» **Problem requirements**: Copy each record exactly as it reads, leaving out any pictures it holds.

(Short text fragments from websites)
====================

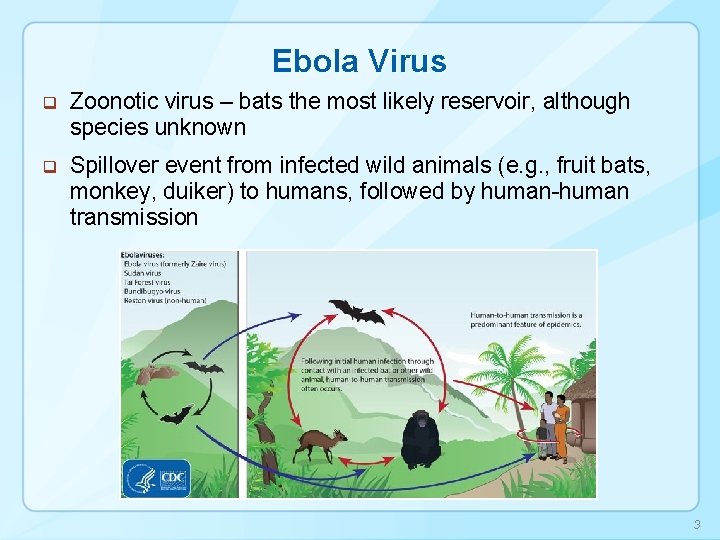 Ebola Virus q Zoonotic virus – bats the most likely reservoir, although species unknown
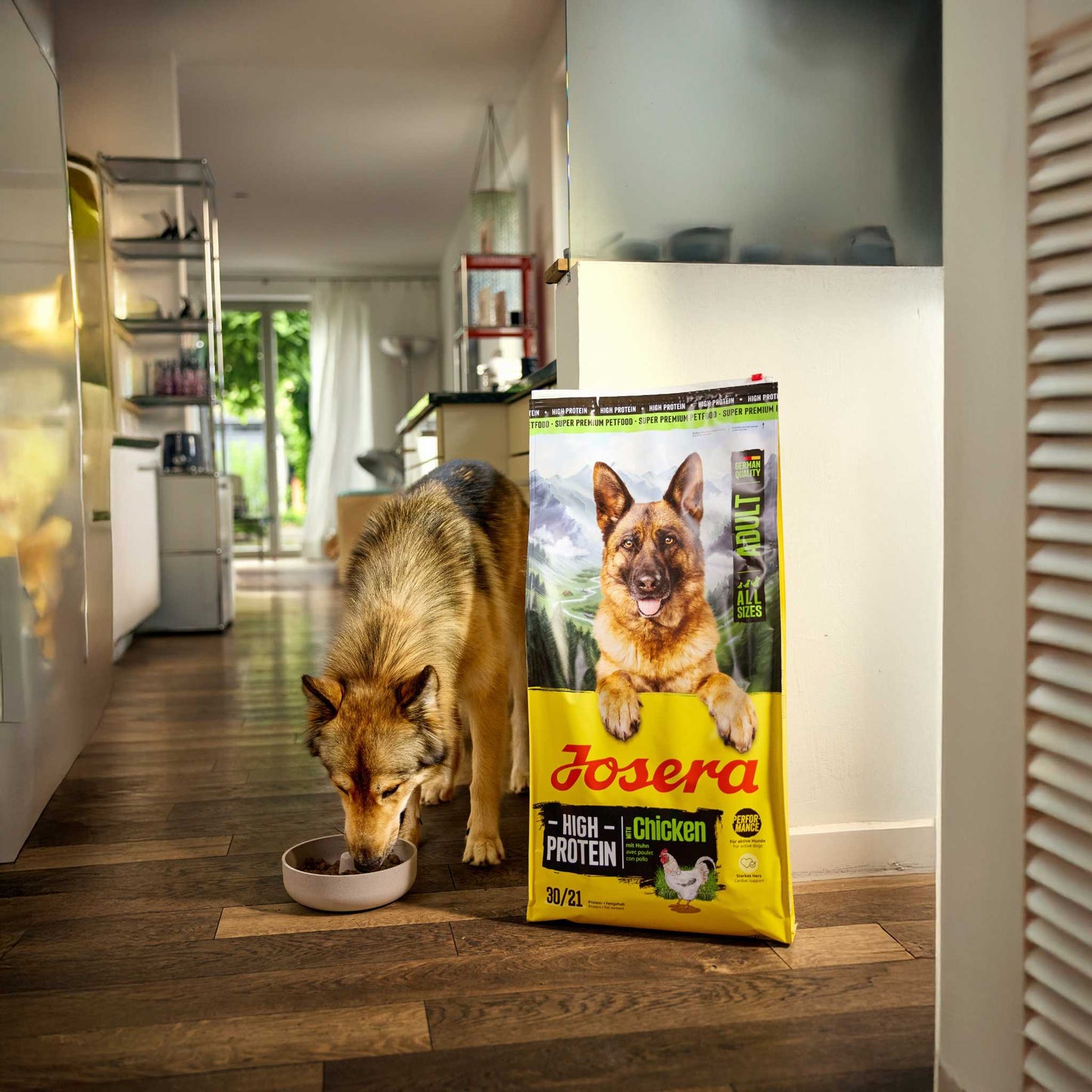 HAUTE PROTEINE AVEC POULET (EX-HIGH ENERGY)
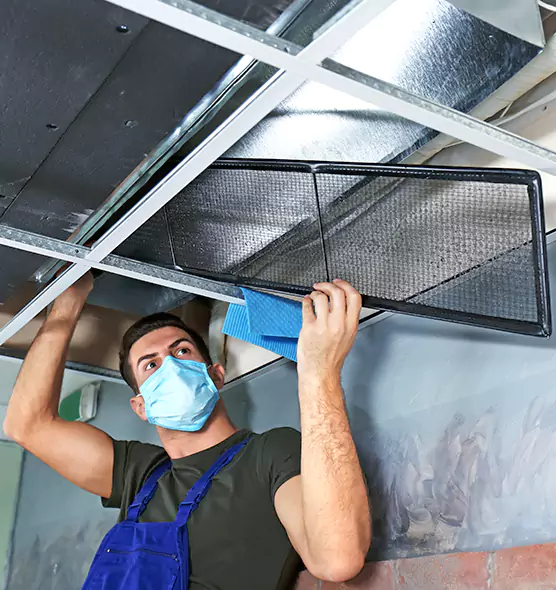 About Air Duct Bacteria Removal in Copperas Cove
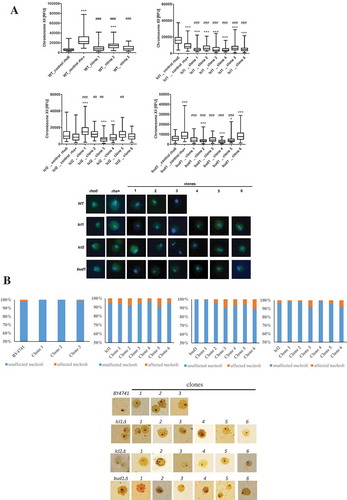 Figure 6. Evaluation of lifespan-mediated changes in nucleolus in haploid wild-type yeast strain BY4741, isogenic mutant strains lcl1Δ, lcl2Δ and bud1Δ (rho+ and rho°) and clones generated as daughters of an old mother. (a) Analysis of rDNA content. rDNA was visualised using WCPP specific to chromosome XII that contains rDNA locus in yeast. Fluorescence signals of chromosome XII were quantified using the ImageJ software. The integrated fluorescence density is presented in relative fluorescence units (RFUs). Box-and-whisker plots are shown, n = 100. The typical micrographs are shown (bottom). *p < 0.05, **p < 0.01, ***p < 0.001compared to the rho+ strain, #p < 0.05, ##p < 0.01, ###p < 0.001 compared to the rho° strain (ANOVA and Dunnett’s a posteriori test). The cells were labelled with FITC to detect chromosome XII-specific signals (green). DNA was visualised using DAPI staining (blue). (b) Silver staining of nucleolar organiser region-based analysis of nucleolus fragmentation. Fragmented nucleoli were scored (%). The typical micrographs are also shown (bottom)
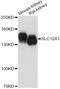 Solute Carrier Family 12 Member 1 antibody, A12999, ABclonal Technology, Western Blot image 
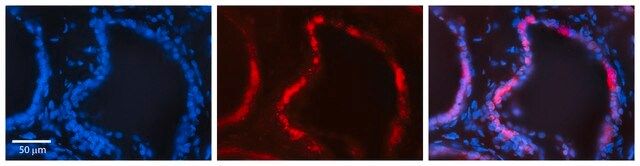 Anti-ADIPOR1 (C-terminal) antibody produced in rabbit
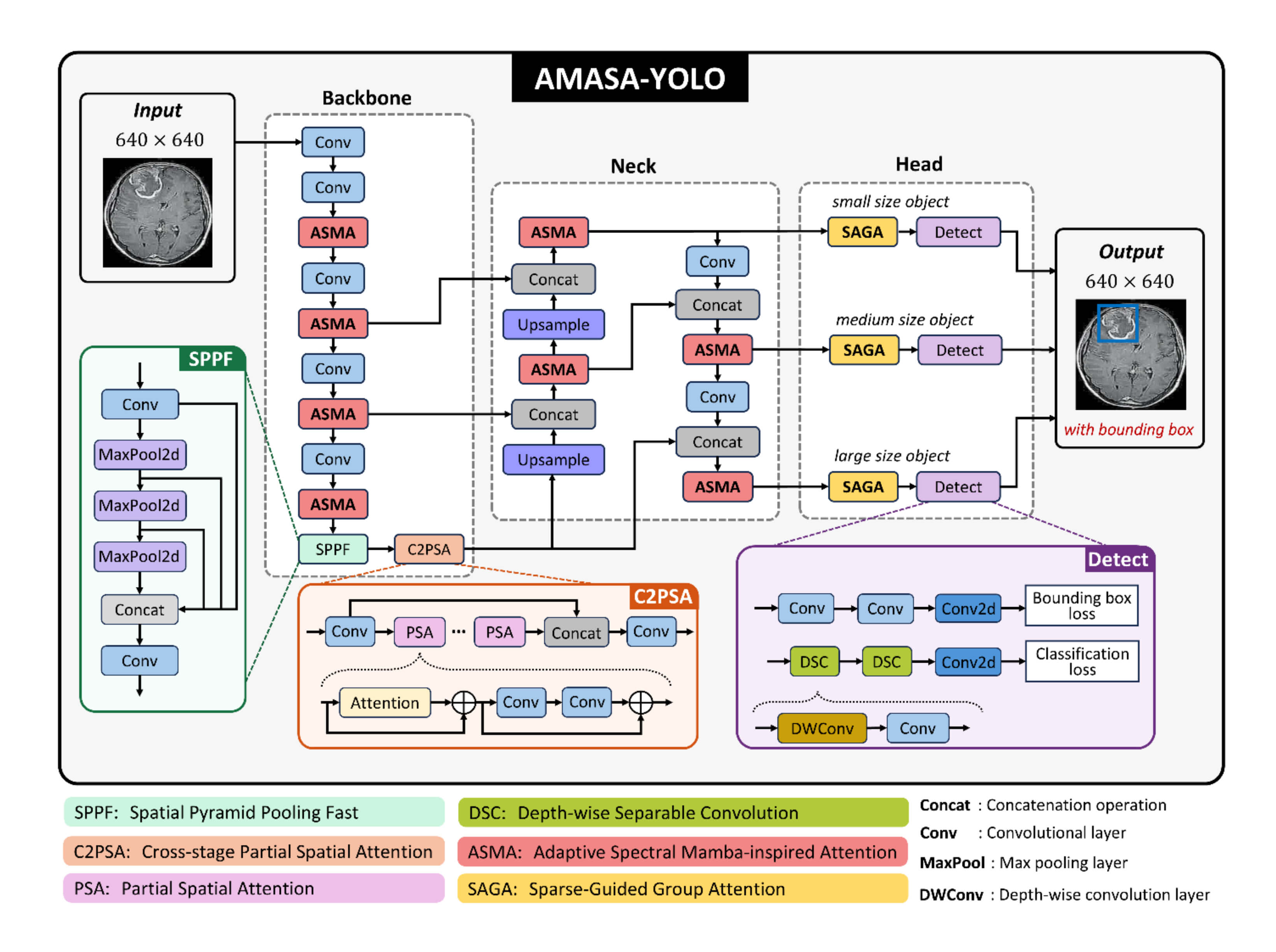 AMASA-YOLO: Adaptive Spectral Mamba-Inspired and Sparse-Guided Attention for MRI Brain Tumor Detection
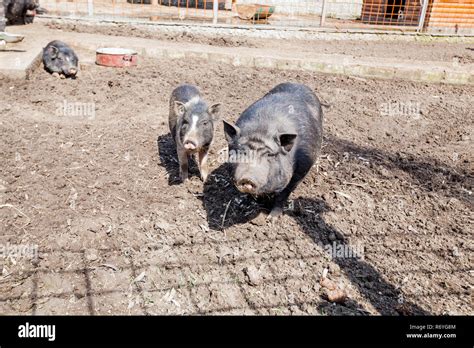 Cerdo negro berkshire fotografías e imágenes de alta resolución Alamy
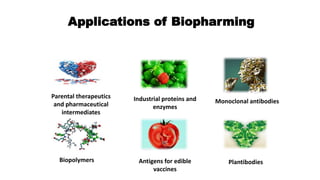 Applications of Biopharming
Parental therapeutics
and pharmaceutical
intermediates
Industrial proteins and
enzymes
Monoclonal antibodies
Biopolymers Antigens for edible
vaccines
Plantibodies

====================

» **Worked solution**:
 Ebola Virus q Zoonotic virus – bats the most likely reservoir, although species unknown
 HAUTE PROTEINE AVEC POULET (EX-HIGH ENERGY)
 About Air Duct Bacteria Removal in Copperas Cove
 Figure 6. Evaluation of lifespan-mediated changes in nucleolus in haploid wild-type yeast strain BY4741, isogenic mutant strains lcl1Δ, lcl2Δ and bud1Δ (rho+ and rho°) and clones generated as daughters of an old mother. (a) Analysis of rDNA content. rDNA was visualised using WCPP specific to chromosome XII that contains rDNA locus in yeast. Fluorescence signals of chromosome XII were quantified using the ImageJ software. The integrated fluorescence density is presented in relative fluorescence units (RFUs). Box-and-whisker plots are shown, n = 100. The typical micrographs are shown (bottom). *p < 0.05, **p < 0.01, ***p < 0.001compared to the rho+ strain, #p < 0.05, ##p < 0.01, ###p < 0.001 compared to the rho° strain (ANOVA and Dunnett’s a posteriori test). The cells were labelled with FITC to detect chromosome XII-specific signals (green). DNA was visualised using DAPI staining (blue). (b) Silver staining of nucleolar organiser region-based analysis of nucleolus fragmentation. Fragmented nucleoli were scored (%). The typical micrographs are also shown (bottom)
 Solute Carrier Family 12 Member 1 antibody, A12999, ABclonal Technology, Western Blot image 
 Anti-ADIPOR1 (C-terminal) antibody produced in rabbit
 AMASA-YOLO: Adaptive Spectral Mamba-Inspired and Sparse-Guided Attention for MRI Brain Tumor Detection
 Cerdo negro berkshire fotografías e imágenes de alta resolución Alamy
 Applications of Biopharming
Parental therapeutics
and pharmaceutical
intermediates
Industrial proteins and
enzymes
Monoclonal antibodies
Biopolymers Antigens for edible
vaccines
Plantibodies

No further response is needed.